1. Vision by Tom King & Gabriel Hernandez Walta.

Tom King is a fantastic writer. Batman is one of the best titles over at DC at the moment, Grayson was one of the best series in the New 52 and Sheriff of Babylon is my personal favorite creator-owned series. But his Vision book beats everything.

This week 10 issues in, this series only has two more issues to come, sadly. Summary of the book: Vision tries to build an android family for himself, but it doesn’t really go like he planned it would go. I can’t really say much more, because as far as summarising goes, that’s it. You just have to read it to know what it’s about. It is just a fantastic take on how an emotionless character like the Vision can still have a family of his own, with equally as emotionless characters. However these last two issues play out, this is a series that will forever be remembered as one of the greatest Marvel publications ever.

The art on this book is actually pretty weak, though. It feels very sketchy. But the weird thing about it, is the fact that I can’t think of any other artist who could elevate this book more. The only way this book could be improved, is if it were drawn by Alex Ross. A frail story like this doesn’t need clean artwork. It needs frail, emotional artwork. Even though Walta’s art seems unfinished and sketchy, it suits the story perfectly and it couldn’t be improved by another artist (except, again, Alex Ross.)
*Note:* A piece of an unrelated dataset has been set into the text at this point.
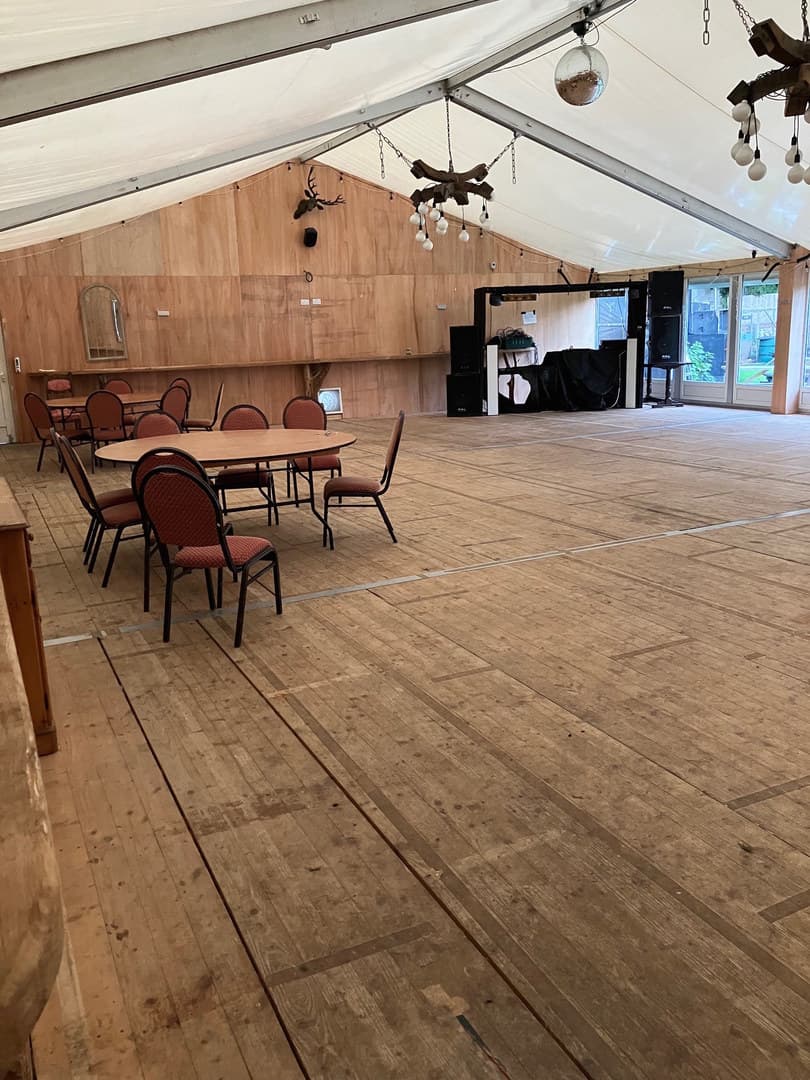 The Bell Inn Pub And The Bell Marquee, The Bell Inn Marquee photo #1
Why it’s one of the best series at the moment:
Symbolism. Metaphors. Ominous narration. It has it all. It takes an “ordinary” concept like an android building a family, and it makes it into a drama like you have never seen before. It doesn’t try to lift Vision from the shadows he lives in, it embraces the shadows. It embraces his cold, emotionless life and it accentuates his lack of feelings. It takes drama to the next level. It takes superhero stories to the next level. It takes comics to the next level. It takes Marvel to the next level. You can agree on my list or you can’t, but if you don’t think Vision should be on the first spot, you’re wrong.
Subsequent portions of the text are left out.